A partnership between the United Engineering Foundation (UEF) and its member engineering organizations ASCE, AIME, AIChE, ASME, IEEE as well as the Society of Women Engineers is developing the ETHW as a central repository for the documentation, analysis and explanation of the history of technology.

== Origins ==
In September 2008, the IEEE History Committee founded the IEEE Global History Network, which operated from 2008 to 2014. The ETHW became successor to the former IEEE Global History Network (IEEE GHN).

Originally, the United Engineering Foundation had made a grant to develop an engineering intersociety web platform as a central historical repository. Initially, the work was mainly done at the IEEE History Center. annexed to the Stevens Institute of Technology in Hoboken, NJ.
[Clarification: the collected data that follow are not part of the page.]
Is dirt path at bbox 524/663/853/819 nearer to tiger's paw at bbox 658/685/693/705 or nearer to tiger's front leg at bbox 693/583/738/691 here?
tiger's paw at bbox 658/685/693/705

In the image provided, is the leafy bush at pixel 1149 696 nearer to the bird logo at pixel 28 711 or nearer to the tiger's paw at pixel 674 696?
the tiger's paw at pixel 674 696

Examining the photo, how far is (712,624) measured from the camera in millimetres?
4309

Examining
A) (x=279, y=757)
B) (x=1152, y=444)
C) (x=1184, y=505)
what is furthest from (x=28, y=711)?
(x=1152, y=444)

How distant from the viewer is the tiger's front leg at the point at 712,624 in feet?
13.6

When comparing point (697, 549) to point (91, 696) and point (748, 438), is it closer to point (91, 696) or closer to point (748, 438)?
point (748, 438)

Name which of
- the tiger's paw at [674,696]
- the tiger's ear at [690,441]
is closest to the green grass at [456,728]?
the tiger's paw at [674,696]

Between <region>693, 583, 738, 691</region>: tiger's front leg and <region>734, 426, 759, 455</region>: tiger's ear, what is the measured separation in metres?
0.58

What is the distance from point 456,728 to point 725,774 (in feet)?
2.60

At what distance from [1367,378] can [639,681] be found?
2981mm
At the beginning, most content was related to electrical, electronics and computer engineering. As the fields of civil engineering, mining, metallurgical and petroleum engineering, chemical engineering and mechanical engineering are covered by members of the respective organizations now, ETHW is becoming a global record for preserving knowledge of the history of technological innovation in a broad sense. It differs from other online sources, as personal accounts of technical innovators as primary sources are made available to the public. After its start as a common platform for several engineering societies, the Society of Women Engineers and the Society of Petroleum Engineers have contributed new content as well.

As of 2018, ETHW included thousands of wiki entries, and recorded over 800 oral histories.

== Comparison with Wikipedia ==
ETHW is a semi-open wiki. In contrast to Wikipedia, no anonymous writing is allowed. Members of the affiliated engineering organizations can contribute their own autobiographical professional history and experiences as First-hand History or are interviewed to provide their Oral History. Administrators review these postings to see whether they conform with the rules established. In contrast to ETHW encyclopedia articles and landmarks/milestones, such content is subjective and not peer reviewed. Changes can only be made by the original author. Not all content can be used freely by everybody.